Doğalgaz boru hattının Avrupalı ​​sahipleri, kazaların ve boru hatlarındaki basınç düşüşünün nedenlerini bilmediklerini ve soruşturmanın sürdüğünü iddia etmiştir. İsveç Dışişleri Bakanı Ann Linde ise 28 Eylül 2022 tarihinde yaptığı açıklamada boru hatlarındaki doğalgaz sızıntısının, muhtemelen sabotajların sebep olduğu patlamaların sonucunda gerçekleştiğini söylemiştir.[2]

Polonya Eski Dışişleri Bakanı Radoslav Sikorski ise doğalgaz boru hattına zarar verdiği için Amerika Birleşik Devletleri’ne (ABD) teşekkür etmiştir. Buna ek olarak Polonya Dışişleri Bakan Yardımcısı Marcin Przydacz, Varşova’nın sabotaj içeren bir senaryoyu dışlamadığını; fakat Danimarka’dan gerekli bilgileri alana kadar nihai bir sonuca varılamayacağını ifade etmiştir. Kremlin Sözcüsü Dmitry Peskov ise yaşanan durumun nedenlerinin hiçbir faktör göz ardı edilmeden araştırılması gerektiğini söylemiştir.[3]

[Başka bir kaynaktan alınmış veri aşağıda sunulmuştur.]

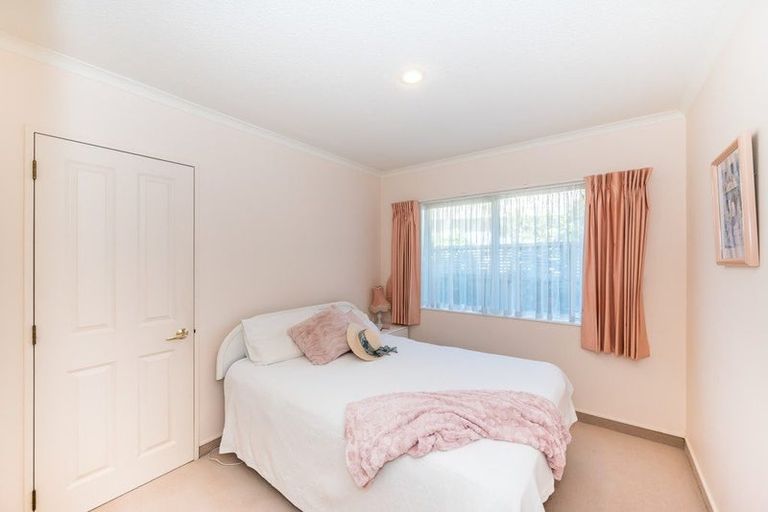 Photo of property in 28 Beach Haven Place, Paraparaumu Beach, Paraparaumu, 5032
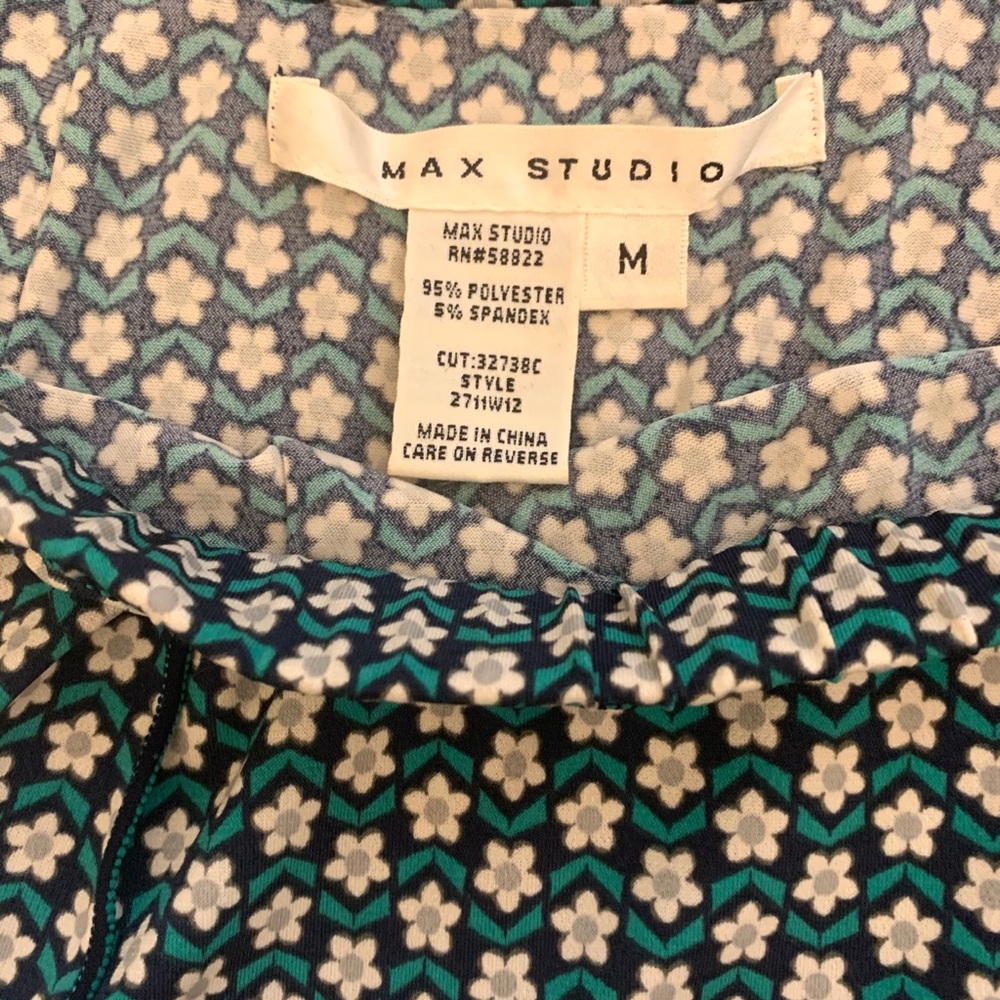 Max Studio Skirt (M)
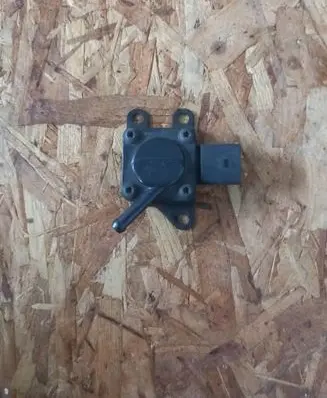 BMW 3 E90 E91 Exhaust gas pressure sensor 7808013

Doğalgaz boru hatlarındaki sabotajı kimin organize ettiği, tam olarak bilinmemekte; lakin tahmin edilebilmektedir. Rus yetkililerin yaptığı açıklamalarda, münhasır ekonomik bölgelere sahip olan ülkelerin onlarca kilogram patlayıcı ve bir grup denizaltının gelişini fark etmemesinin mümkün olmadığı öne sürülmüştür.

Öte yandan 2022 yılının Mart ayından itibaren bölgede, yabancı savaş uçaklarının boru döşeme gemileri üzerinden yaptığı uçuşların ve savaş gemilerinin faaliyetlerinin arttığı belirtilmektedir.[4] Bu da sabotajın öngörülebilir bir gelişme olduğuna işaret etmektedir.    

Kuzey Akım Boru Hatlarının havaya uçurulmasının hemen ardından Polonya’da Baltık Borusu Doğalgaz Boru Hattı’nın (Baltic Pipe) faaliyete başlatılmasına yönelik sembolik bir tören düzenlenmiştir. Açılışta Polonya Cumhurbaşkanı Andrzej Duda, Polonya Başbakanı Mateusz Morawiecki ve Danimarka Başbakanı Mette Frederiksen vanayı birlikte çevirmiştir. Söz konusu törende Duda, Bu doğalgaz, buradan ihtiyaç duyulan her yere gidebilecek.”açıklamasında bulunurken; Morawiecki deDoğalgaz endüstrisindeki Rus hakimiyeti dönemi sona eriyor.” yorumunu yapmıştır.[5]

Baltık Borusu Doğalgaz Boru Hattı, Kuzey Denizi’nde Norveç enerji kaynaklarını Danimarka üzerinden Polonya’ya bağlayan yaklaşık 900 km uzunluğundaki bir boru hattı sistemidir. Bu yeni boru hattı üzerinden gerçek doğalgaz iletimi, 1 Ekim 2022 tarihinde başlayacaktır. İlk etapta boru hattı, %30-38’lik bir kapasiteyle çalışacaktır. 2023 senesinden itibaren ise üretim kapasitesinin yılda 10 milyar metreküp olacağı iddia edilmektedir.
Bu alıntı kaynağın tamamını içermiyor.